GIVEN MATERIAL:
= = =
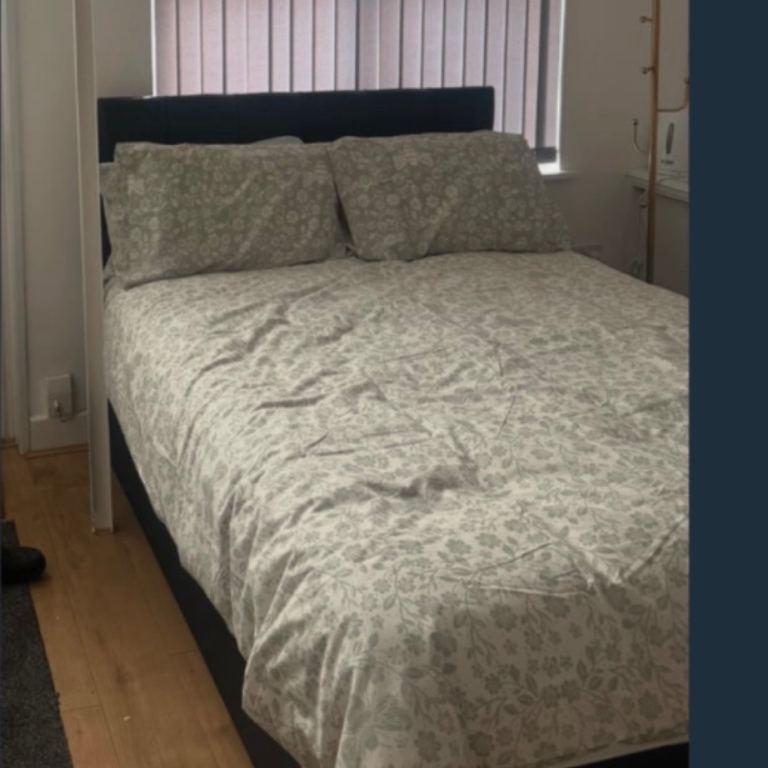 DOUBLE ROOM – £500 PCM (ALL BILLS INCLUDED)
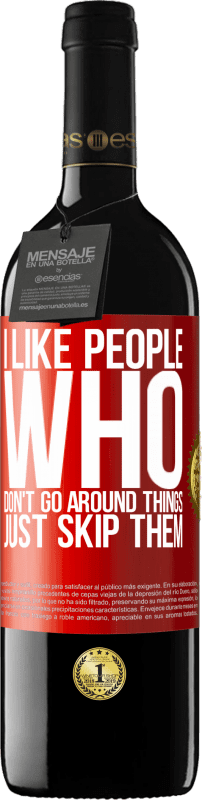 «Мне нравятся люди, которые не ходят вокруг вещей, просто пропускают их» Издание RED MBE Бронировать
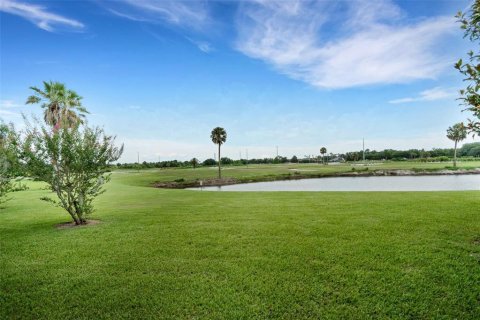 Condo in Davenport, Florida, 2 bedrooms  № 2214209 - photo 4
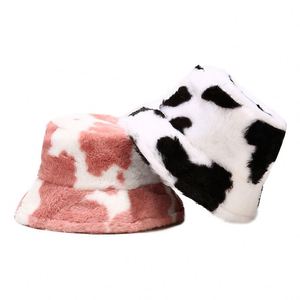 Nouveaux chapeaux bob en fourrure à imprimé vache, tendance vintage, pour l'hiver et les activités de plein air, pour rester au chaud - Product Image 4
= = =
TRY IT:
An exact copy of the lines from the line containing "RED MBE Бронировать" through the final line of the listing, without pictures, is the expected result.

OUTPUT FOR THIS TASK:
 «Мне нравятся люди, которые не ходят вокруг вещей, просто пропускают их» Издание RED MBE Бронировать
 Condo in Davenport, Florida, 2 bedrooms  № 2214209 - photo 4
 Nouveaux chapeaux bob en fourrure à imprimé vache, tendance vintage, pour l'hiver et les activités de plein air, pour rester au chaud - Product Image 4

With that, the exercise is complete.